Where am I adding a ballad? Nowhere - merely trying to help Sissy and John find one for the Nite Spot scene. Adele Carroll and two friends are to sing while the villain squanders the Golden Slippers. She has finally selected "Mood Indigo." Thanks all the same.
How did you enjoy Anderson's new play? Talking about plays - I have promised the crowd to repeal the Philadelphia trip if and when the right play comes there or to Hershey or Baltimore.
To your Latin declension. Bene! Nolamistatse. [?] You better try some Latin during your college career. Is there a screw ball Latin teacher on the faculty, to match the ones you have met. I enjoyed your introduction to each and every one of them.
So history isn't too bad when taught by people like Peter! He sounds as interesting and profound as the SRL article.
You know, strange as it may see[m], any very brilliant person is a combination of wisdom and naiveté. Your Mr. Vierick (correct?) sounds like Scotland's foremost philosopher whom I had in class at Edinburgh the other summer. He floated too although physically he would - or could - do nothing so graceful.
Holyoke sounds most interesting. Too interesting - to want to study ballistics. I refuse to believe that all the studying is bringing no results. Changing from one French teacher to any other can prove most disturbing. It's like the difference in an accent between Yorkers and Bostonians. Mlle. and Mr. S. E. G. probably have different accents, and all you need is to get your ear atuned [sic] to the new. I had exactly the same thing happen to me in college. I can still remember the feeling with which I entered that class. I was terrified that I would be called upon and not know what was been said. Gradually my ear became accustomed to the new voice and I found mine.
Want to bet on that blue book test in Dramatics? Tell me whether the mark was A or B. when we meet. Sounds to me as though somebody is just going through the freshman occupational disease called getting adjusted. In Latin - Virgil to be exact - ask Jane - there is a line which translated means - "Perhaps someday you may be glad to remember even this." Of course college is more exacting than Bell Penn - that is, any college which has any standing - and even if you did have a good foundation, it is no easy job to get adjusted. Mt. Holyoke was just the one place for you. Give a trial before you leave for New York.

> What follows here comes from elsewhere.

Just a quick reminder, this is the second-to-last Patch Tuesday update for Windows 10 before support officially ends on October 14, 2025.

If I remember Pat. She can become too tense and intense about her work. Remember last year how gloomy the outlook seemed at times but you made the grade. You'll do again. Had mid semester grades yet? You must have and were they terrible?

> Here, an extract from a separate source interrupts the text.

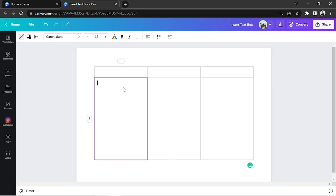If you double-click on a cell, you'll notice that the blinking text cursor appears, which means it's ready for typing, and there's no need to add a text box to it manually. You should be good to go.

Take out that English bike and take a ride when the going seems rough - and concentrate on the bumps in the roads and the college bumps smooth out. Try it.
Anyway, it is not much more than a week before vacation, when you and your friend - room mate? - shed the college coloring for a time.
Will be glad to see you Friday at rehearsal - with your head free from bumps caused by hitting any walls. You'll find there are windows not walls if you just tell yourself that the rest can get there so can I - and you can - "begony." [?]